What you should do. Please, without any pictures, set down exactly the part of the listing below that opens with the line containing "découvrez les causes" and closes with the line containing "7017 NE 155th Place , Kenmore, WA 98028".

Task inputs.
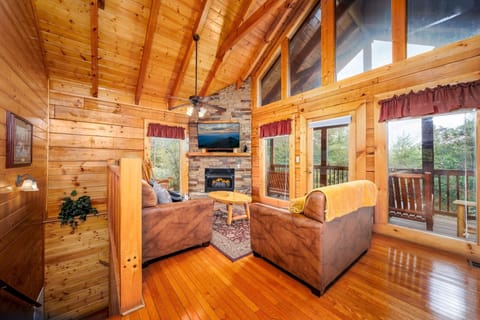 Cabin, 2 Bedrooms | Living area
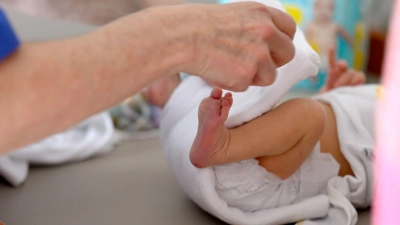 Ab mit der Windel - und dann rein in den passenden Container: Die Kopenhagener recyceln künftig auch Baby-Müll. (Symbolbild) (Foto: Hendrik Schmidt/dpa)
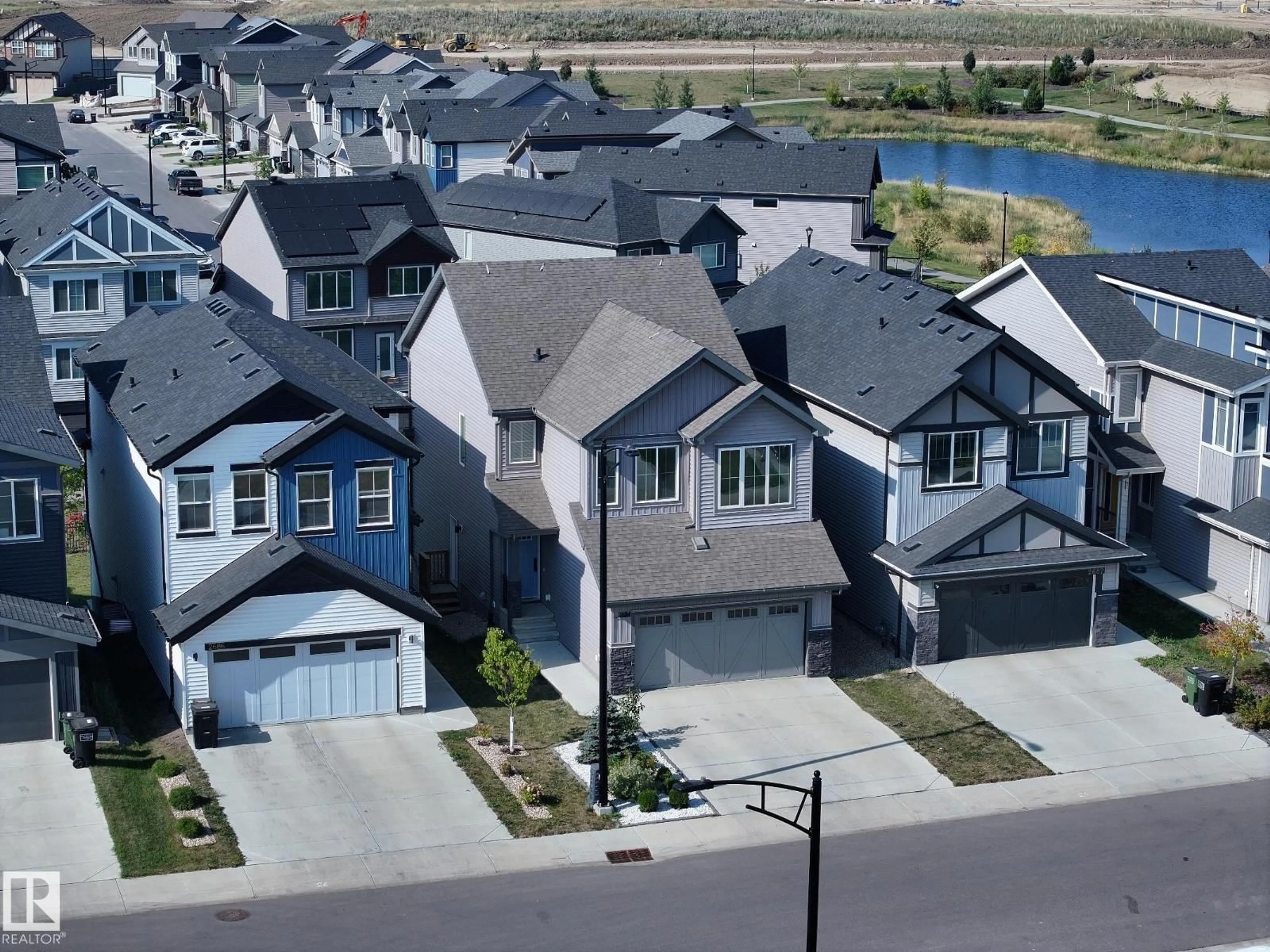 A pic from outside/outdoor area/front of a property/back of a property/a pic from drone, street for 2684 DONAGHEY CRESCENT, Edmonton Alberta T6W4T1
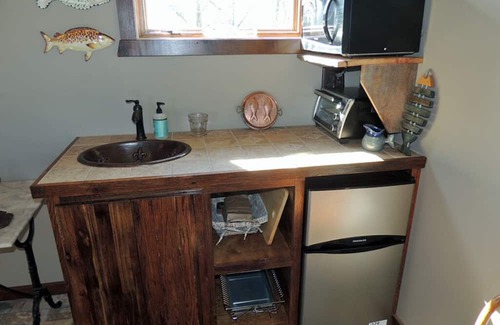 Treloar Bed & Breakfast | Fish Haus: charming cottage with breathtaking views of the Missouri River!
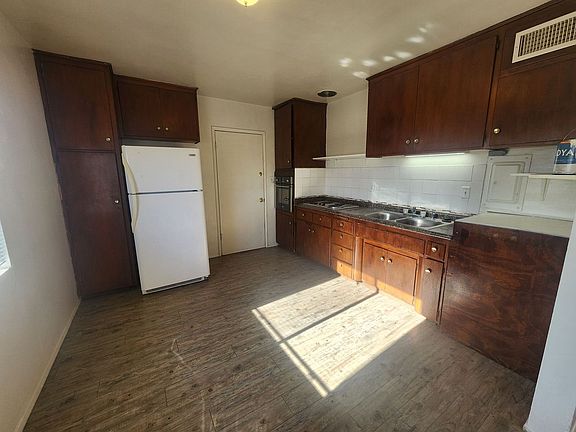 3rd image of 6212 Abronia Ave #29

* * *

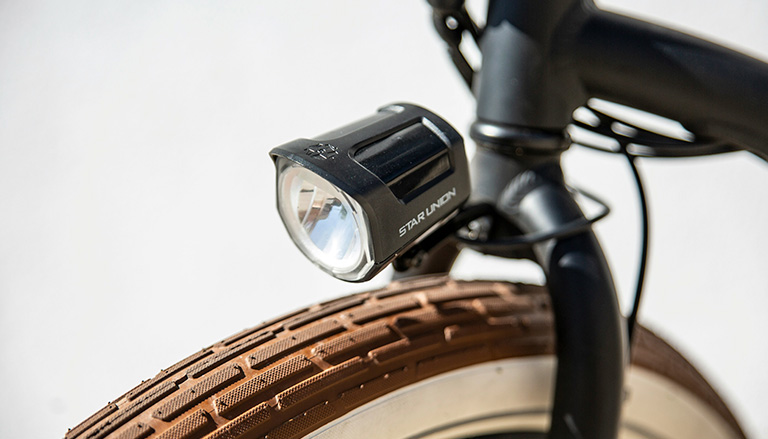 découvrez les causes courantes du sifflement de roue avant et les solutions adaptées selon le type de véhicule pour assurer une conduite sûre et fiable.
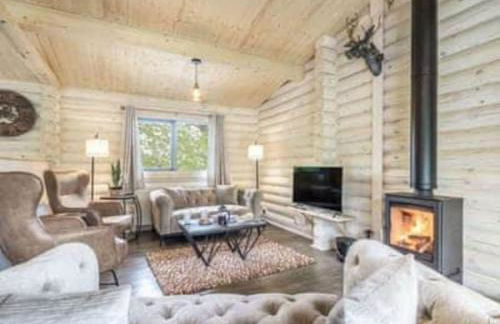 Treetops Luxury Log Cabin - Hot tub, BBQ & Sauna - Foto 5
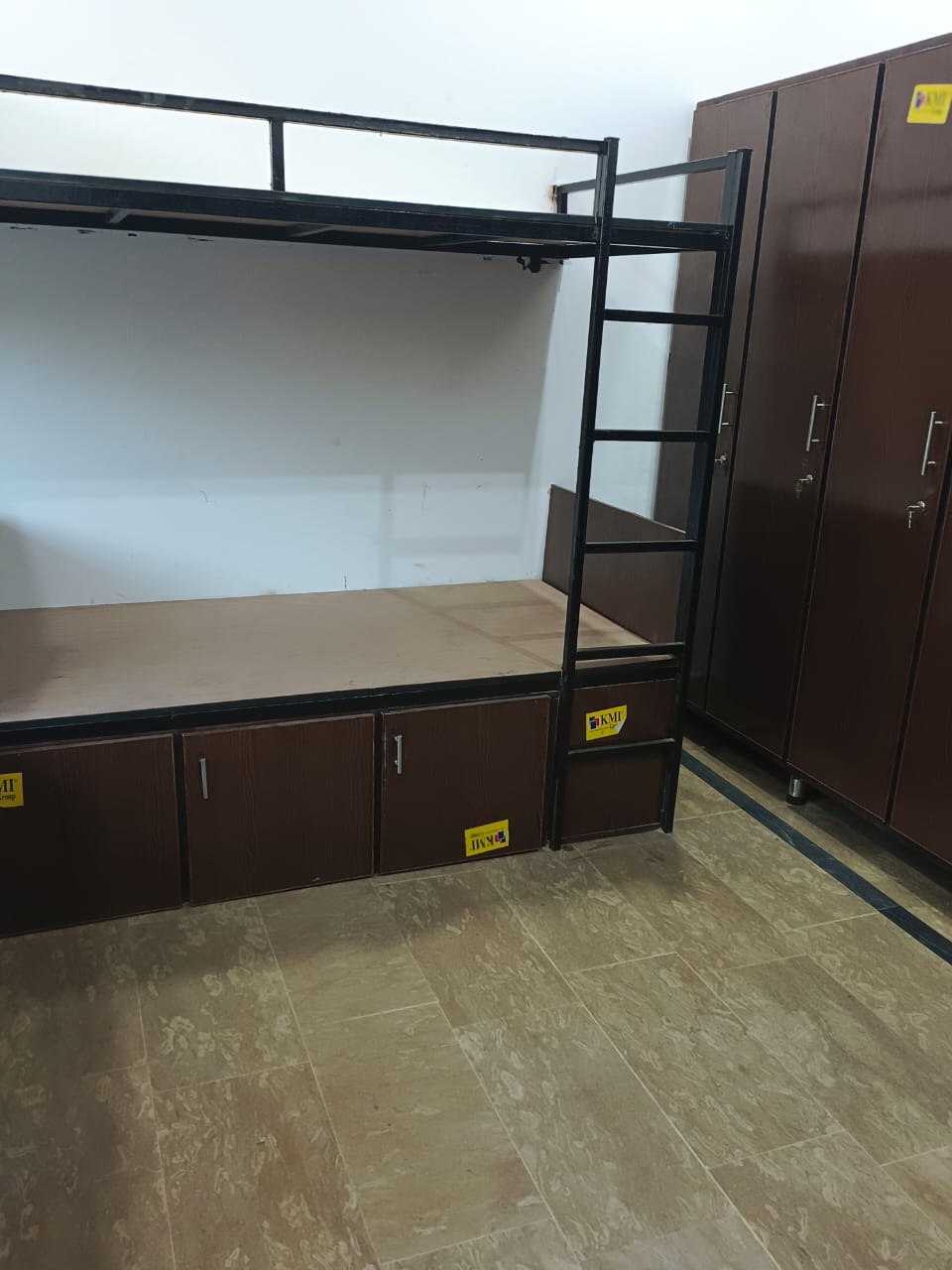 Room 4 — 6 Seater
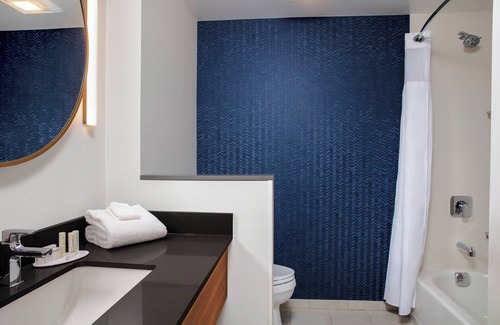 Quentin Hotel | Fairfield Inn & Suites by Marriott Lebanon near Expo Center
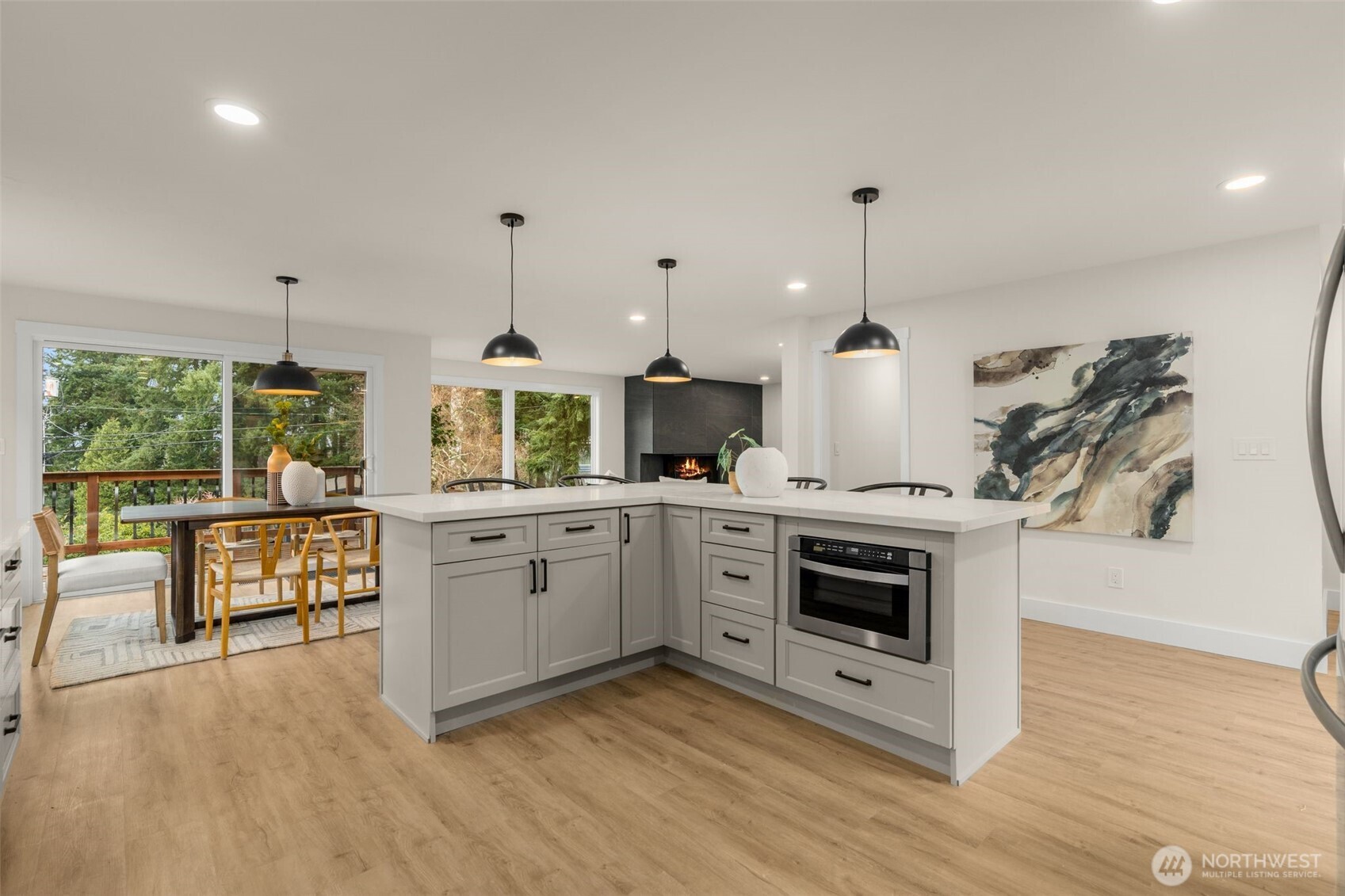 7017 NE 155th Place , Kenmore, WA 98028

Exercise solution.
 découvrez les causes courantes du sifflement de roue avant et les solutions adaptées selon le type de véhicule pour assurer une conduite sûre et fiable.
 Treetops Luxury Log Cabin - Hot tub, BBQ & Sauna - Foto 5
 Room 4 — 6 Seater
 Quentin Hotel | Fairfield Inn & Suites by Marriott Lebanon near Expo Center
 7017 NE 155th Place , Kenmore, WA 98028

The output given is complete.